The release of Donald Trump's immigration policy "white paper" yesterday has occasioned a flurry of analysis that attempts to pin down exactly how the GOP presidential candidate's program might or might not work. Much of it is valuable in that it details how expensive, awful, unpopular, impractical (if not impossible), and downright inhumane Trump's ideas ("ideas") are.

But in some larger sense all of this sober, relatively traditional political analysis is beside the point, because, regardless of how much detail Trump does or doesn't provide, or how plausible or implausible his plan is, or whether it accounts for the complications of Congress, cost-estimates, or the Constitution, it is a mistake to treat Trump's paper—or, for that matter, anything else he says or produces—as serious policy.

One of the things we know about Trump at this point is that he tends to give matters of policy very little considered thought. While other Republican candidates prepped extensively for the GOP primary debate earlier this month, the billionaire real estate developer's campaign claimed that he did not rehearse, and reports indicated that Trump essentially ignored the various policy and strategy memos that were prepared for him. One adviser told ABC News that he had no idea what to expect from Trump at the debate. It's likely that Trump didn't really know either. He finds out what he's going to say when the rest of us do—that is, when he says it.

Something else we know about Trump, related to the previous item, is that even when he announces support for a position, he does not tend to stick with it. Rather he has a cavalier, play-it-by-ear attitude toward policy pronouncements: He has, for example, infamously flip-flopped on abortion and health care over the past few years. As The Washington Post notes, he's been wildly inconsistent on other issues as well, offering differing, sometimes conflicting, occasionally obscure versions of how he'd address the Iran deal, tax reform, the Islamic State, and, yes, immigration—and this is just in the past three months.

It's true, of course, that presidents often adjust or even significantly rethink their campaign plans once in office. But Trump's stated plans (the majority of which do not qualify as actual plans in any meaningful sense) seem to have no bearing whatsoever on the day-to-day of his campaign statements. Just because Trump has offered up some position today does not mean that it will be his position tomorrow or the day after that. He is a completely unreliable guide to his own policy ideas.

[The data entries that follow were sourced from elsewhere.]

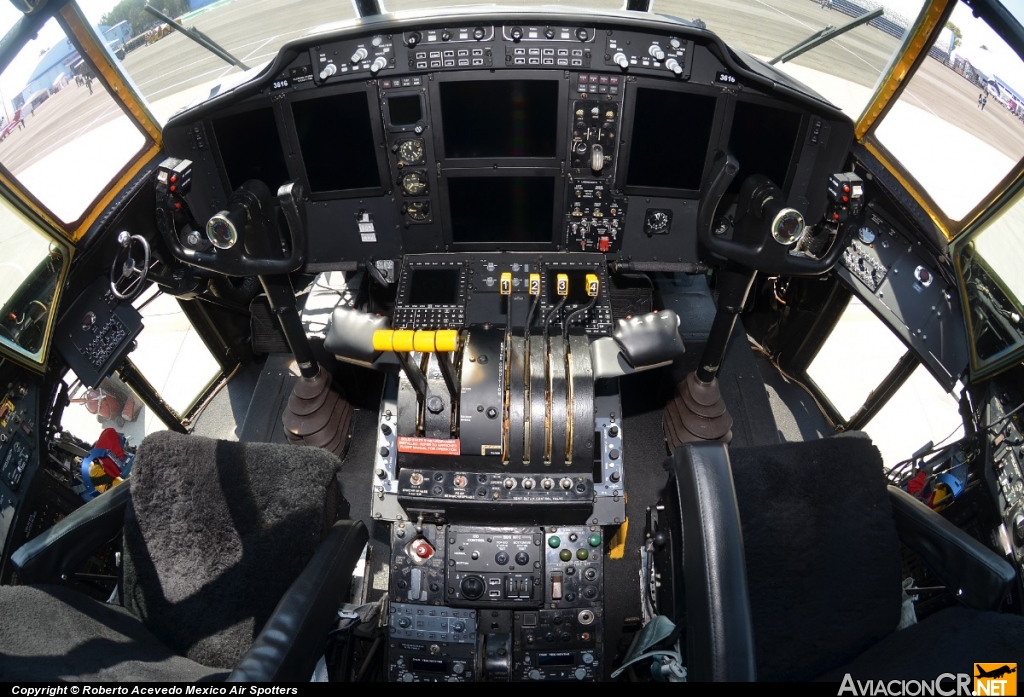3616 - Lockheed C-130 Hercules - Fuerza Aerea Mexicana FAM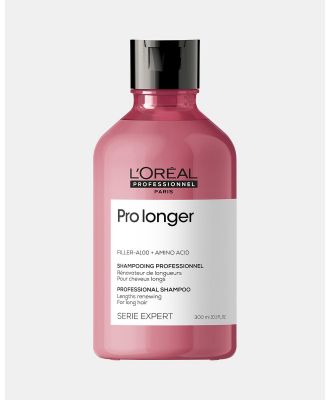 L'Oreal Professionnel - Serie Expert Pro Longer Shampoo 300ml - Hair (300ml) Serie Expert Pro Longer Shampoo 300ml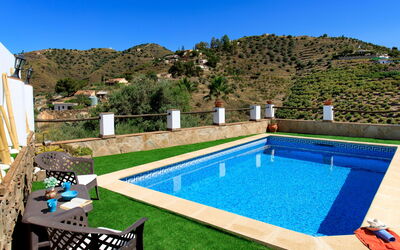 Casa vacanza Villa Miradri - Torrox, Andalusia, Spagna
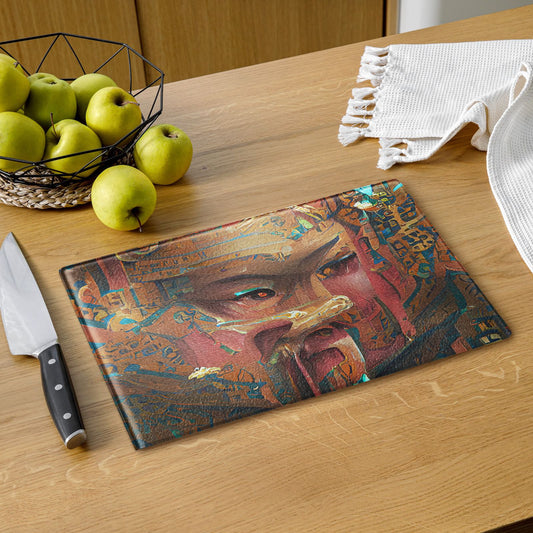 Huángdì - Glass Cutting Board - iSAW Company - iSAW Company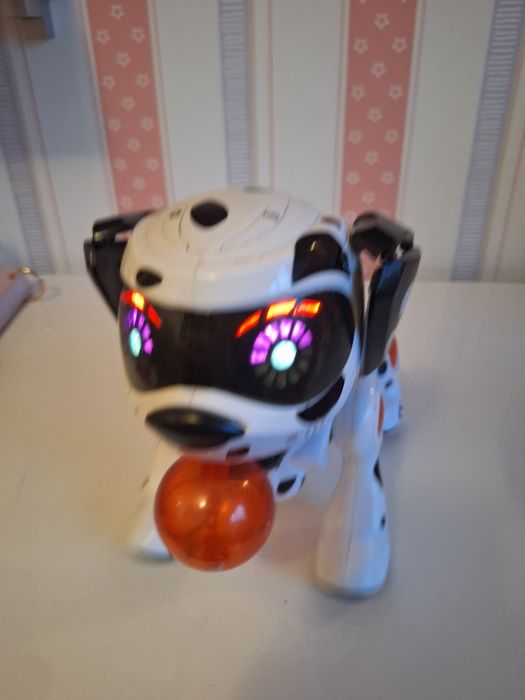 Интерактивно куче робот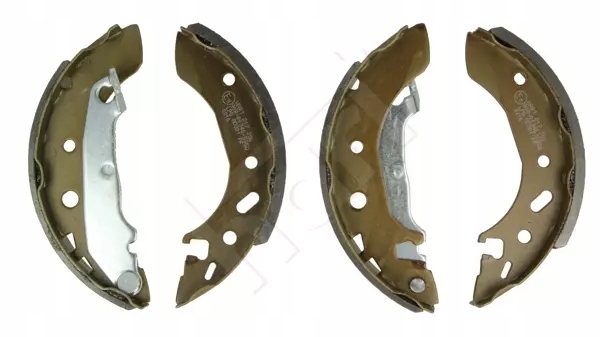 HART BRAKE SHOES BRAKE 217 396 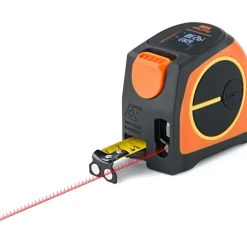 New Geo Fennel Geotape målebånd med laser aflæsning Tommestok & Afstandsmålere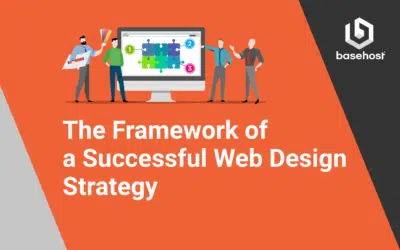 The Framework of a Successful Web Design Strategy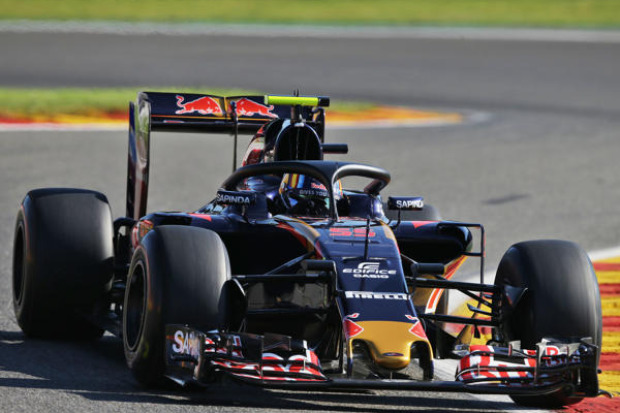 Foto zur News: Toro Rosso im Hintertreffen: "Sehr schwieriger" Start in Spa
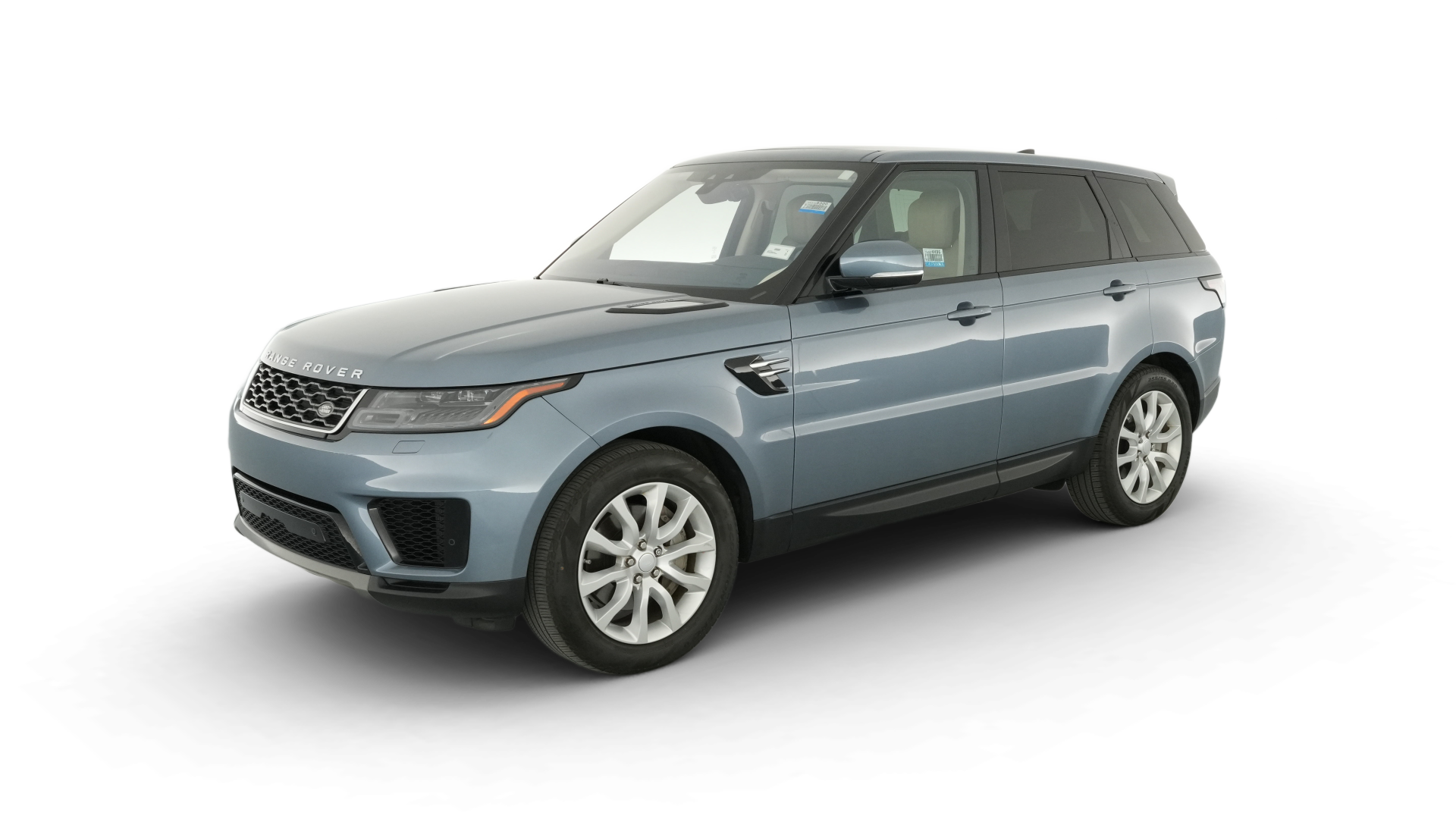 2021 Land Rover Range Rover Sport SE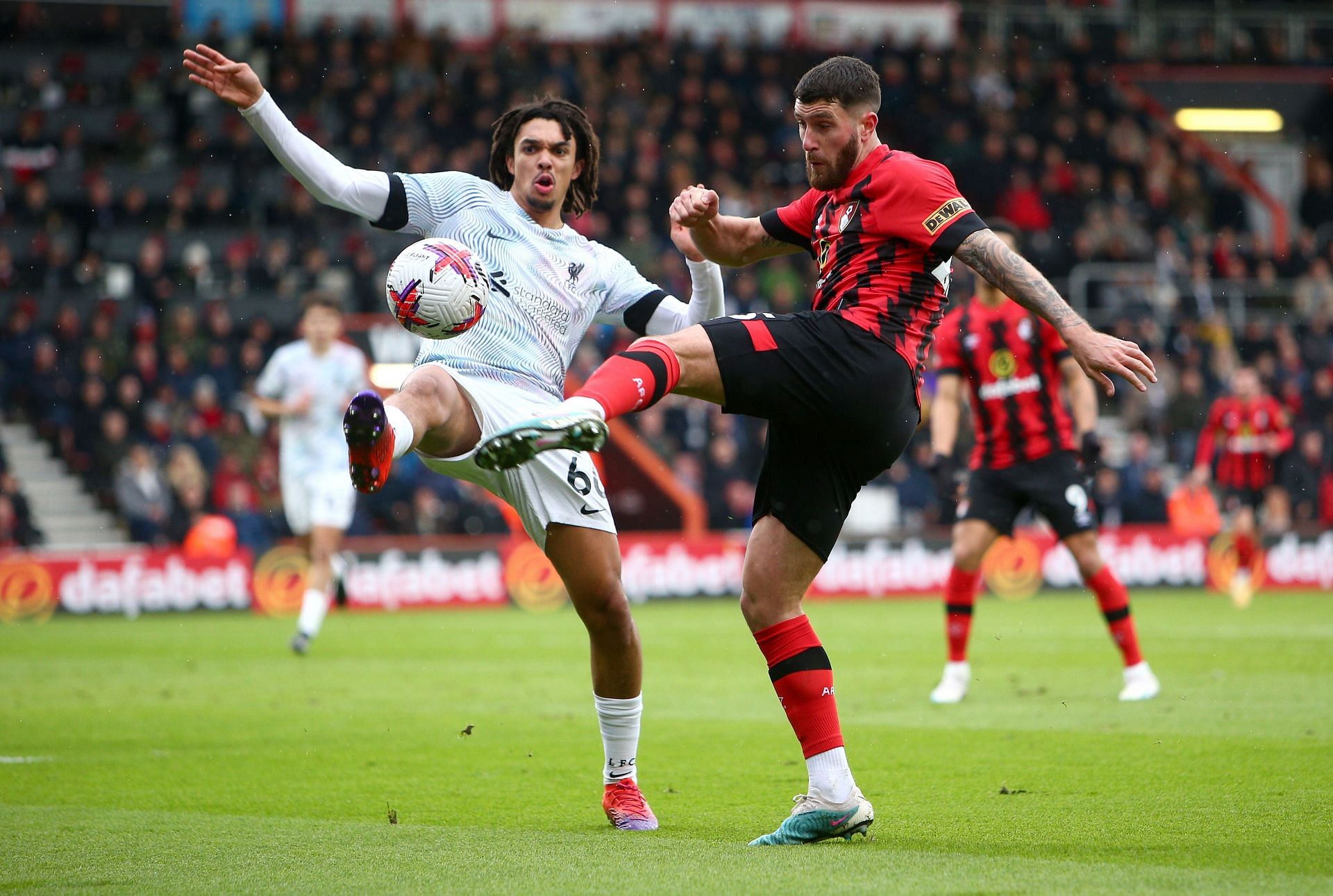 Bournemouth 1-0 Liverpool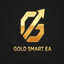 Gold Smart EA AR X trading robot logo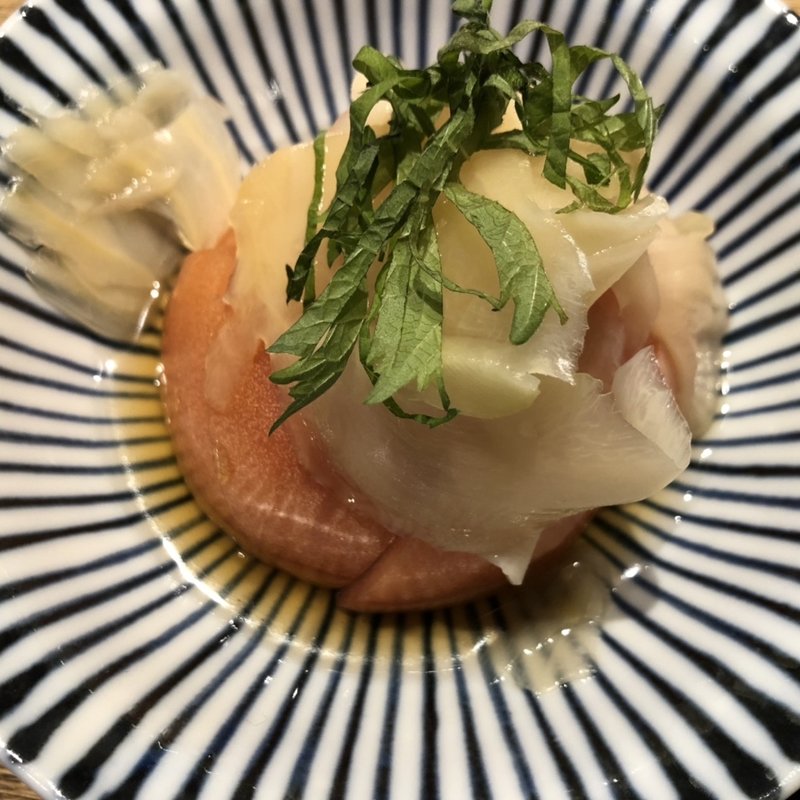 ガリトマ(STAND KIYOSUGU 中目黒店)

Finally, Trump is a self-aggrandizing showman, and he likes to play-act at whatever thing he is pretending to be doing, adding theatrical but totally meaningless gimmicks and flourishes in hopes of making a bigger impression. In his 1987 book The Art of the Deal, for example, Trump wrote that, in conducting his real-estate business, he would draw up architectural plans designed to look far more expensive and thoughtfully designed than they were, or have construction equipment engage in meaningless busywork in order to impress investors with the illusion of activity.

With his half-baked immigration white paper, Trump is doing essentially the same thing, but for his presidential campaign: He's attempting, through the use of a simple gimmick, to create the illusion of thoughtfully crafted, substantive policy detail. Don't be fooled. Trump's white paper is cheap, shabby, policy artifice, and it shouldn't be confused for the real thing.